In [None]:
import os
import sys
import numpy as np

import matplotlib.pyplot as plt
import seaborn as sns

In [None]:
from data_preparation.data_loader import (
    load_dataset,
    split_train_validation,
    create_csv_submission,
    change_negative_class,
)
from data_preparation.features_util import keep_features, merge_features
from data_preparation.features_info import FEATURES_DICT, REPLACEMENT_LIST
from data_preparation.preprocessing import preprocessing_pipeline, basic_preprocessing_pipeline
from model.train import reg_logistic_regression
from model.predict import predict, predict_no_labels
from util.evaluation import evaluation_summary, accuracy, f1_score
from util.plotting import loss_visualization, decision_threshold
from util.util import init_random_seeds

init_random_seeds()

BASE_PATH = os.path.dirname(os.getcwd()) + "/data"

In [None]:
hyperparams = {
    "gamma": 1,
    "lambda": 0.00001,
    "batch_size": 10000
}

# Data loading

### ⚠️ Note that the `x_sub` here refers to data for which predictions will be made, but for which we don't have the labels! To refer to the data used for local testing we'll use `x_va` and `y_va` (validation).

In [None]:
# Load data without subsampling
x_train, y_train, x_sub, feature_names = load_dataset(
    path_x_train=BASE_PATH + "/x_train.csv",
    path_y_train=BASE_PATH + "/y_train.csv",
    path_x_test=BASE_PATH + "/x_test.csv",
    sub_sample=False,
)

# Create the feature index dictionary
feature_index = dict(zip(feature_names, range(len(feature_names))))

# Pre-processing

#### This notebook uses the GOOD pre-processing: only selected features are kept and pre-processed using the informed pre-processing pipeline

In [None]:
# Keeping only selected features both in train and validation set
x_train_clean, clean_features, clean_feature_index = keep_features(
    x_train, FEATURES_DICT.keys(), feature_names, feature_index, verbose=False
)

# Call to the informed preprocessing pipeline on the selected features
x_train_clean_proc = preprocessing_pipeline(
    x_train_clean,
    where=clean_features,
    feature_index=clean_feature_index,
    nan_replacement=REPLACEMENT_LIST,
    normalize="mixed",
)

## Data preparation and split sets

#### From now on we'll use the local train and validation data: `x_tr` and `y_tr` for training and `x_va` and `y_va` for validation

In [None]:
    # Translate labels from -1/1 to 0/1
y_train = change_negative_class(y_train[:, 1], current=-1, new=0)

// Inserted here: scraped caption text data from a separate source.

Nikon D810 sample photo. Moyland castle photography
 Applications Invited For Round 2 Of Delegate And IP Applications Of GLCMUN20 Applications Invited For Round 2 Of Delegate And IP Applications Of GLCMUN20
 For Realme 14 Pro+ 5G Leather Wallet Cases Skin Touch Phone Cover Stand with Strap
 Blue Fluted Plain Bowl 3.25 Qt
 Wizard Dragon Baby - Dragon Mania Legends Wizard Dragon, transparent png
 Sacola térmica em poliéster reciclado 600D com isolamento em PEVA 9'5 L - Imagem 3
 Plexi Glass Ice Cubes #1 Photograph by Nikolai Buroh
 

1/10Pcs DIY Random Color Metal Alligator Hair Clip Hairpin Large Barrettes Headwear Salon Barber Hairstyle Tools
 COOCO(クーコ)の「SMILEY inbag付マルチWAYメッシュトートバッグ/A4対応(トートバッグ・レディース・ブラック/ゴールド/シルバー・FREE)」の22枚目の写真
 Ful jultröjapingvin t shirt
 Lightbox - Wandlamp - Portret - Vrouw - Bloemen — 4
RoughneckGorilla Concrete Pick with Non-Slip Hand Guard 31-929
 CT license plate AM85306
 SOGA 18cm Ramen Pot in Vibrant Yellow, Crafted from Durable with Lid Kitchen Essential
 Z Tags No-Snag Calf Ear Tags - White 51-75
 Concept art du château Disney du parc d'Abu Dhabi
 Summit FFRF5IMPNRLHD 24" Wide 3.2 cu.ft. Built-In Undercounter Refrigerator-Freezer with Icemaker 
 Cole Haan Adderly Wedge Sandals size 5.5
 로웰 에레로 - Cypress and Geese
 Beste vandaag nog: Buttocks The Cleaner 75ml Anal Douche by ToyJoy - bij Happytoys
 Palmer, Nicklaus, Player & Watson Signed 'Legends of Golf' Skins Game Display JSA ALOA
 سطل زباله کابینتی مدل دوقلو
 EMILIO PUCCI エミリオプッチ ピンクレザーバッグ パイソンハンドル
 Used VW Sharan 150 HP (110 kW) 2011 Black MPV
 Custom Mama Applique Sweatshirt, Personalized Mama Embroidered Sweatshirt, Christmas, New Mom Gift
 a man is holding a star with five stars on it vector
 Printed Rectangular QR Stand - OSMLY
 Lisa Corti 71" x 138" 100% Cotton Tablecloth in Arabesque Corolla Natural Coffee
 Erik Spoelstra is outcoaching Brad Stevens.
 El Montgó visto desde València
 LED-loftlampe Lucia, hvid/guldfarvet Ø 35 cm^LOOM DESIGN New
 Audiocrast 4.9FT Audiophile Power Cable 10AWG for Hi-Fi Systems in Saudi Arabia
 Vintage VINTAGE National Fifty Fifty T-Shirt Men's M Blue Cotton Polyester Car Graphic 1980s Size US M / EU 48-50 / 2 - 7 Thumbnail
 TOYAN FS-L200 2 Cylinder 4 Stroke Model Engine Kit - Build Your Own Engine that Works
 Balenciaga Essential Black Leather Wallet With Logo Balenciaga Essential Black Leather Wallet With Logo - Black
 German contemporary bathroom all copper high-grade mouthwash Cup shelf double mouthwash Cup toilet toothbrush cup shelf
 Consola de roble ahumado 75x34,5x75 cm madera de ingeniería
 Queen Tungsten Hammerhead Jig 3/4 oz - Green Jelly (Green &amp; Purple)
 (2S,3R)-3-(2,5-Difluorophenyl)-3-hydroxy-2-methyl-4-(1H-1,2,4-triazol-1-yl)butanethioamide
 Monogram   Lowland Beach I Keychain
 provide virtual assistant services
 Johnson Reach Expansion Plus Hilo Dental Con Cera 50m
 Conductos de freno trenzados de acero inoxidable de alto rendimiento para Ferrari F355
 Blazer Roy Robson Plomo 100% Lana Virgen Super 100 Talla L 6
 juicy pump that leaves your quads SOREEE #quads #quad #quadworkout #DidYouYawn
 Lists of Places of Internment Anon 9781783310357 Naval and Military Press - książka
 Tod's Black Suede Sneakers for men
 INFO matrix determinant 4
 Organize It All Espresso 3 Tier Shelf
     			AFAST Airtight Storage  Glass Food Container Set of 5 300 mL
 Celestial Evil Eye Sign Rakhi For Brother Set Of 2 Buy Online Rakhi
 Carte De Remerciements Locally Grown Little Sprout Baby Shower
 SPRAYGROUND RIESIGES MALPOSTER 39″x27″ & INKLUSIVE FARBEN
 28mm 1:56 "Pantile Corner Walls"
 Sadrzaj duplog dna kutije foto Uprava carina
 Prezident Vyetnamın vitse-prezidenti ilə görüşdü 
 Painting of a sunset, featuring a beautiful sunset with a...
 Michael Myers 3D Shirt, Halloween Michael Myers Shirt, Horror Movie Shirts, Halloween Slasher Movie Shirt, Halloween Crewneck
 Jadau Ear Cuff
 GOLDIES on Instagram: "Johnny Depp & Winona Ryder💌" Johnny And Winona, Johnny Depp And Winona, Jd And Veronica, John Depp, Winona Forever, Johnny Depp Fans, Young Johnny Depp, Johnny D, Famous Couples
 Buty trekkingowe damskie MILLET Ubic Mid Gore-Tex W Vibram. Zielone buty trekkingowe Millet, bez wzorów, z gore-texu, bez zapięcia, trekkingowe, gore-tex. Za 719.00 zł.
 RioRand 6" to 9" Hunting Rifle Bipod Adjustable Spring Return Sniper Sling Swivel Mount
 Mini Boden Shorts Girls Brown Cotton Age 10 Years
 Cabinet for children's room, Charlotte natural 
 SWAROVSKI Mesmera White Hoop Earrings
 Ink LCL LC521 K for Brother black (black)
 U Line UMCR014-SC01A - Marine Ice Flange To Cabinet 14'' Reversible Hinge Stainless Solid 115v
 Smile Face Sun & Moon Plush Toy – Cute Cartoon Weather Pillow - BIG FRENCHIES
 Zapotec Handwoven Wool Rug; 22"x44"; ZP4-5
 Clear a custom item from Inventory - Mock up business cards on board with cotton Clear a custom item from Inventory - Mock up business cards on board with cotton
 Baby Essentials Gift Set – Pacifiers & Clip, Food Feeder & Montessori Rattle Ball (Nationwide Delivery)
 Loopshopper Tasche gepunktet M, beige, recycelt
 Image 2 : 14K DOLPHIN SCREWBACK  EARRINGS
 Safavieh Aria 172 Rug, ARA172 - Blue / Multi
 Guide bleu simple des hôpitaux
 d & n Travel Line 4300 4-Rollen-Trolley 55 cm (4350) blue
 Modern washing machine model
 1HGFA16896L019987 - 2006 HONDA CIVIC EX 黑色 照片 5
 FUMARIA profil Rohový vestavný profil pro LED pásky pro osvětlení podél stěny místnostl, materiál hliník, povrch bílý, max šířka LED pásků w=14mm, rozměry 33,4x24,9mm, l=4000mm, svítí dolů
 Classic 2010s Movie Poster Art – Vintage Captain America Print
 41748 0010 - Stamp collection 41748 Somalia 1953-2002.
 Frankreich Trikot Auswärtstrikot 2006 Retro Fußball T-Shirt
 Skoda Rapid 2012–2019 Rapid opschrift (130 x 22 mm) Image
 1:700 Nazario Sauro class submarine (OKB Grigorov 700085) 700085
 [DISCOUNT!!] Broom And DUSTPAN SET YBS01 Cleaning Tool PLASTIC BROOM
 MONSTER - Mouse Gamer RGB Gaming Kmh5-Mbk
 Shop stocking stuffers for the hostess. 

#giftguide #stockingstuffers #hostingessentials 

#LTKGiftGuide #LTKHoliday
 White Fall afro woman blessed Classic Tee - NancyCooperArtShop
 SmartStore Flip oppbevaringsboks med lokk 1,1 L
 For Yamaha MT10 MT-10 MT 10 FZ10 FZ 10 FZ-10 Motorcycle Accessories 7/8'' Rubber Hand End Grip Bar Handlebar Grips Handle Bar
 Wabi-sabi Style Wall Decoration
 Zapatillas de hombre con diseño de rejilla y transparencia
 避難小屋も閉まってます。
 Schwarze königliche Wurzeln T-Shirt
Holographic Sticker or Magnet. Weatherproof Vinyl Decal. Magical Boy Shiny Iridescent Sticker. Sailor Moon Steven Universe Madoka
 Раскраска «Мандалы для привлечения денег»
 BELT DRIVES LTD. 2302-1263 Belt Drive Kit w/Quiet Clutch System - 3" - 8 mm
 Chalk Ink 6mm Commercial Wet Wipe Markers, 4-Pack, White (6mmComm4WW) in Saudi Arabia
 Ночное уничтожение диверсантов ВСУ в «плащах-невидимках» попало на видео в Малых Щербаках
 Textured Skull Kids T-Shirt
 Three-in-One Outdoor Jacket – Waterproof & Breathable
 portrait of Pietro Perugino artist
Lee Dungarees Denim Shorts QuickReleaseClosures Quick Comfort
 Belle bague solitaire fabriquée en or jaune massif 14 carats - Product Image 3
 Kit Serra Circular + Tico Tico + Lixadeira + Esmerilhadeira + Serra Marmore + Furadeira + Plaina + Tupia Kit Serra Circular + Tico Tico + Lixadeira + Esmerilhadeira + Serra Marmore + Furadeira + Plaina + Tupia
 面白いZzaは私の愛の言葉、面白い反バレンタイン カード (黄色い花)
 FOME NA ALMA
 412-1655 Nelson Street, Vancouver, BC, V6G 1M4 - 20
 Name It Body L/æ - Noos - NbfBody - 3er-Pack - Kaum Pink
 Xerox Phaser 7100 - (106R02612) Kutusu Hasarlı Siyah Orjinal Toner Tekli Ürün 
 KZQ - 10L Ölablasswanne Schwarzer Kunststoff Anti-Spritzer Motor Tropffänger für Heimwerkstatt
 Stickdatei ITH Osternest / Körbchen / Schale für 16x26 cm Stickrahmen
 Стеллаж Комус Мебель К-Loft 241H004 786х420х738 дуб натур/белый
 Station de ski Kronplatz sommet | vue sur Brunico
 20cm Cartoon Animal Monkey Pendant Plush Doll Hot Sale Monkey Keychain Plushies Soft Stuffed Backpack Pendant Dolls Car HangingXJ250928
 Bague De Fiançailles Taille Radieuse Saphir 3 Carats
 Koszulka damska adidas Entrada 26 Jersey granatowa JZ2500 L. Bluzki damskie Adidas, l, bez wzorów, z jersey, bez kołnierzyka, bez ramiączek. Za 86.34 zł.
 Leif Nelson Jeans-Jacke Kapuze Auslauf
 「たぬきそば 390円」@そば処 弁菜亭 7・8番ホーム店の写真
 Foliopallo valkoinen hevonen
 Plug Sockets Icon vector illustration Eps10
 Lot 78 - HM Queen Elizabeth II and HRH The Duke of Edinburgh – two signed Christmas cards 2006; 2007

# Split local data into train and validation
(x_tr, x_va, y_tr, y_va) = split_train_validation(
    x_train_clean_proc, y_train, valid_proportion=0.1
)

# Add bias column to the training and validation data
x_tr_bias = np.append(x_tr, np.ones(shape=(x_tr.shape[0], 1)), axis=1)
x_va_bias = np.append(x_va, np.ones(shape=(x_va.shape[0], 1)), axis=1)

# Training

In [None]:
w, train_loss, valid_loss = reg_logistic_regression(
    x_tr_bias,
    y_tr,
    x_va_bias,
    y_va,
    lambda_=hyperparams["lambda"],
    max_iter=5000,
    gamma=hyperparams["gamma"],
    batch_size=hyperparams["batch_size"],
    optimizer="sgd",
    w=np.random.random(size=x_tr_bias.shape[1]),
    all_losses=True,
)

In [None]:
# plot losses
loss_visualization(train_loss, valid_loss)
plt.yscale("log")

# Evaluation on validation set

In [None]:
sns.histplot(predict_no_labels(x_va_bias, w), bins=30, kde=True)
plt.title("Distribution of unlabeled predictions on validation set")
plt.show()

In [None]:
threshold_opt = decision_threshold(x_va_bias, w, y_va)

In [None]:
predicted_y_va = predict(x_va_bias,
                         w,
                         threshold=threshold_opt,
                         negative_label=0)
print("EVALUATION SUMMARY ON VALIDATION SET")
print("Threshold: {}".format(threshold_opt))
evaluation_summary(y_va, predicted_y_va)


---

# COMPUTE RESULT FOR SUBMISSION

### Pre processing and data preparation

In [None]:
ids = x_sub[:, 0]
# Keep only selected features in submission
x_sub_clean, clean_features, clean_feature_index = keep_features(
    x_sub, FEATURES_DICT.keys(), feature_names, feature_index, verbose=False
)

x_sub_clean_proc = preprocessing_pipeline(
    x_sub_clean,
    where=clean_features,
    feature_index=clean_feature_index,
    nan_replacement=REPLACEMENT_LIST,
    normalize="mixed",
)


x_sub_bias = np.append(
    x_sub_clean_proc, np.ones(shape=(x_sub_clean_proc.shape[0], 1)), axis=1
)

### Prediction

In [None]:
predicted_y_sub = predict(
    x_sub_bias, w, threshold=threshold_opt, negative_label=-1
)

# Save predictions to csv file
create_csv_submission(
    ids=ids, y_pred=predicted_y_sub, path=BASE_PATH + "/submission_good.csv"
)

In [None]:
fig, axs = plt.subplots(1, 2, figsize=(15, 5))
sns.histplot(y_va, ax=axs[0])
axs[0].set_title("Labels distribution in validation set")
sns.histplot(predicted_y_sub, ax=axs[1])
axs[1].set_title("Predictions distribution")